'The Race Card': Ford deplores the blame game
Reyhan Harmanci
The San Francisco Chronicle, Thursday, February 7, 2008
You want to pick a fight? Call someone a racist. Few labels hit so hard or bring up so many deep feelings. It's a dark stain on someone's character. Then-Los Angeles police Detective Mark Fuhrman was accused at the O.J. Simpson trial of using racial epithets, and after Hurricane Katrina, rapper Kanye West said President Bush "hates black people."
According to Stanford law Professor Richard Thompson Ford of San Francisco, the national dialogue on race needs to change. In his recently published book "The Race Card," he argues that when people talk about race relations, they too quickly try to ferret out racism without looking at the larger issues. In doing so, they leave open the possibility that opportunists will unfairly paint someone as a racist to further their political ends, while de-legitimizing some very real problems.
"I decided to write the book out of dismay and frustration with the way questions of racial injustice are typically taken up," Ford says. "Right now, we tend to deal with questions of race and race relations in the context of scandal. There's not much conversation about the day-to-day issues with racial tensions and injustices."

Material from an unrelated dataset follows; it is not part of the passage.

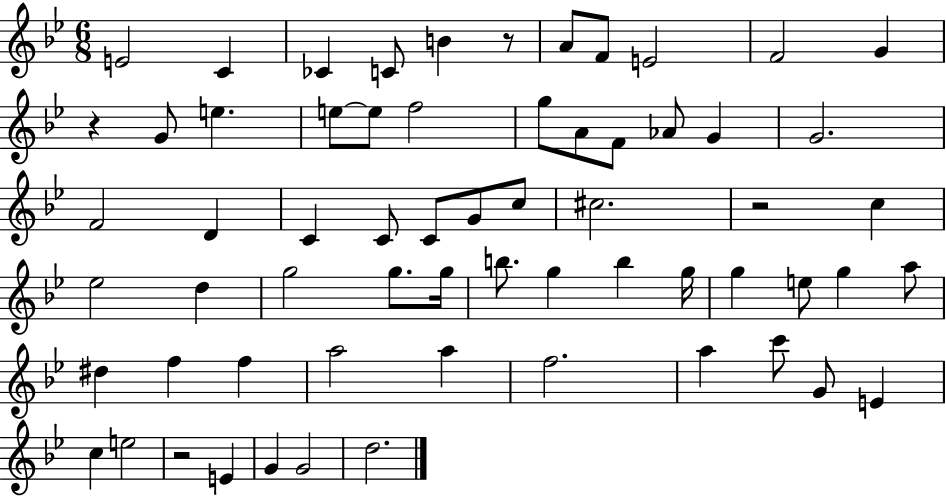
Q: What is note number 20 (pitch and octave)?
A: G4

Ford takes apart some of the more prominent recent scandals, such as the treatment of Hurricane Katrina victims and the dispute between hip-hop mogul Jay-Z and the makers of Cristal Champagne. He also digs into older ones, like the Clarence Thomas/Anita Hill Supreme Court confirmation hearings and the O.J. Simpson trial, to show how complicated events got reduced to screaming headlines.